Potenzielle Zusammenarbeitsmodelle. (Quelle: eigene Darstellung in Anlehnung an PWC 2018)

6.3 Forschungsfrage

Die zentrale Forschungsfrage der vorliegenden Studie lautete:

Welche Auswirkungen hat Open Banking auf die Schweizer Bankenindustrie?

Die Untersuchung sollte aufzeigen, wie Open Banking die Finanzbranche transformieren kann und welche Folgen dies für Schweizer Banken hat. Um die zentrale Forschungsfrage beantworten zu können, wurden im Rahmen der Untersuchung drei Teilforschungsfragen definiert:

  1. 1.

    Wo steht die Schweiz im Kontext von Open Banking im internationalen Vergleich?

  2. 2.

    Welche Chancen und Risiken bietet der Ansatz und wie sehen mögliche Anwendungsfelder aus?

  3. 3.

    Wie verändern sich die Geschäftsmodelle der Schweizer Banken im Zuge von Open Banking und welche Handlungsoptionen lassen sich daraus ableiten?

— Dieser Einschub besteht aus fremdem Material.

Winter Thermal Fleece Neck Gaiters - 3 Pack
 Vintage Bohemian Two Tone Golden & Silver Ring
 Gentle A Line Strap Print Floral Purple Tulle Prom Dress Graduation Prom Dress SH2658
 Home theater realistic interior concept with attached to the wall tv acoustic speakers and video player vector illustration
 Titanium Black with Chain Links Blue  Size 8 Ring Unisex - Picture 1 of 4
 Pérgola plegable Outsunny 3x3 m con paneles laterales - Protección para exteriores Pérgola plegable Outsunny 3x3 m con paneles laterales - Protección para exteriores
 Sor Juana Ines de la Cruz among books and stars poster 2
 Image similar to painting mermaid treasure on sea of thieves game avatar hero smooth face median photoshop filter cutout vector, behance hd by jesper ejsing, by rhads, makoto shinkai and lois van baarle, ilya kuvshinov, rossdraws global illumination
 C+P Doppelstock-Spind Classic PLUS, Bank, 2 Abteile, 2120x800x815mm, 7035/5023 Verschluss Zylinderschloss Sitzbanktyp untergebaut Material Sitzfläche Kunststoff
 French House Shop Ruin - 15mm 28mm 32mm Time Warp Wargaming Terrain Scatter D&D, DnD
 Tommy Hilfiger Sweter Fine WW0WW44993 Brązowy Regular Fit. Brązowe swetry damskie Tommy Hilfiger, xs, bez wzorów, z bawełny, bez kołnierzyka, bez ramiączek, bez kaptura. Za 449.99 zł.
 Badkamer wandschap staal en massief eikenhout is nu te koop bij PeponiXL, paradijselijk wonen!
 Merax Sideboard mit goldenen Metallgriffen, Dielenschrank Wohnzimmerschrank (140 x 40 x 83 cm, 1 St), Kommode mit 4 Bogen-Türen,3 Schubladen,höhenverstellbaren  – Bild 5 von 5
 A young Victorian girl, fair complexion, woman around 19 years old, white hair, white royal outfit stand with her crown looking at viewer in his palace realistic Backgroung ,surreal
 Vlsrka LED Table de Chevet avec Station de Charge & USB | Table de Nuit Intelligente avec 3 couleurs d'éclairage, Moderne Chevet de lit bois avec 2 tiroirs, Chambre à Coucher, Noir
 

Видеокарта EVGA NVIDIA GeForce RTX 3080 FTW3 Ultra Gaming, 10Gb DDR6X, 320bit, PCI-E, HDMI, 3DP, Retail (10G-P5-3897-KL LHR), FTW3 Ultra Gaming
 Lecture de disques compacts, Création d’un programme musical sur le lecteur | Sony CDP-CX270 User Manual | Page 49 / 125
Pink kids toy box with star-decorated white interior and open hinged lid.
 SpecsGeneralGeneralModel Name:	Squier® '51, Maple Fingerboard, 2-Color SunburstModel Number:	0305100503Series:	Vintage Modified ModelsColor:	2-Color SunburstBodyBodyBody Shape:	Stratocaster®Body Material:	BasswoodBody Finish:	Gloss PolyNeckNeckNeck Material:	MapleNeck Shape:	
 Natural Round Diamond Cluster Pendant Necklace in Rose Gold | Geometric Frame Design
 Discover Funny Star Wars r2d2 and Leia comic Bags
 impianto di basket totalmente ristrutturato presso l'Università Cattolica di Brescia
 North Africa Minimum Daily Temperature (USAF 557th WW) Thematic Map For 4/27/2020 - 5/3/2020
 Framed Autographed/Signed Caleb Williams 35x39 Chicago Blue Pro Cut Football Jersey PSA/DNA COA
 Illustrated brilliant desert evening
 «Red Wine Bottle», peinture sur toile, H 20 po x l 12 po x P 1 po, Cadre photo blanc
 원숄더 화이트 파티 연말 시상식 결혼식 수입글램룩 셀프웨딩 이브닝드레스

Die erste Teilforschungsfrage öffnet das Forschungsfeld, indem der Stand von Open Banking im In- und Ausland untersucht wird. Aus dieser Analyse soll abgeleitet werden, welche Länder als Vorreiter gelten, um aus den dortigen Entwicklungen Schlussfolgerungen für den Schweizer Finanzplatz zu ziehen. Mittels der zweiten Teilforschungsfrage soll das Potenzial des Ansatzes eruiert werden. Dabei wird insbesondere wichtig sein, welche Anwendungsfälle für Schweizer Banken infrage kommen. Die dritte Forschungsfrage soll aufzeigen, wie sich das traditionelle Geschäftsmodell der Banken im Kontext von Open Banking verändern könnte und welche Handlungsoptionen Banken zur Wahl stehen.

Das Modell der Transformationstreiber der Bankenindustrie von Alt und Puschmann (2016) wird für die Darstellung der Forschungslücke adaptiert. Anhand der in Abb. 6.3 dargestellten drei Teilforschungsfragen kann der Untersuchungsbereich aufgezeigt werden.

Abb. 6.3
figure 3

Forschungslücke. (Quelle: eigene Darstellung)

6.4 Methodik

Die Forschungsfrage wurde mithilfe von Experteninterviews bearbeitet. Der Einsatz eines Leitfadens wird in der Studie als strukturiertes Interview gewertet. Teilweise findet aber eine Verknüpfung mit der Technik des offenen Interviews statt, um gezielt Informationen und Erfahrungen der Experten abzuholen. Der Leitfaden für das Interview stellt das Instrument der Datenerhebung dar, ist aber gleichzeitig auch eine Übersetzung des Forschungsproblems und der theoretischen Annahmen in explizite Interviewfragen (Kaiser 2014, S. 52). Dabei wird auch von der Operationalisierung der Forschungsfrage gesprochen (Gläser und Laudel 2010, S. 132). Der thematische Aufbau richtet sich nach den Teilforschungsfragen. Es wurde auf eine nachvollziehbare Argumentationslogik geachtet, wobei von allgemeinen Aspekten auf spezielle Aspekte geschlossen wird (Kaiser 2014, S. 54).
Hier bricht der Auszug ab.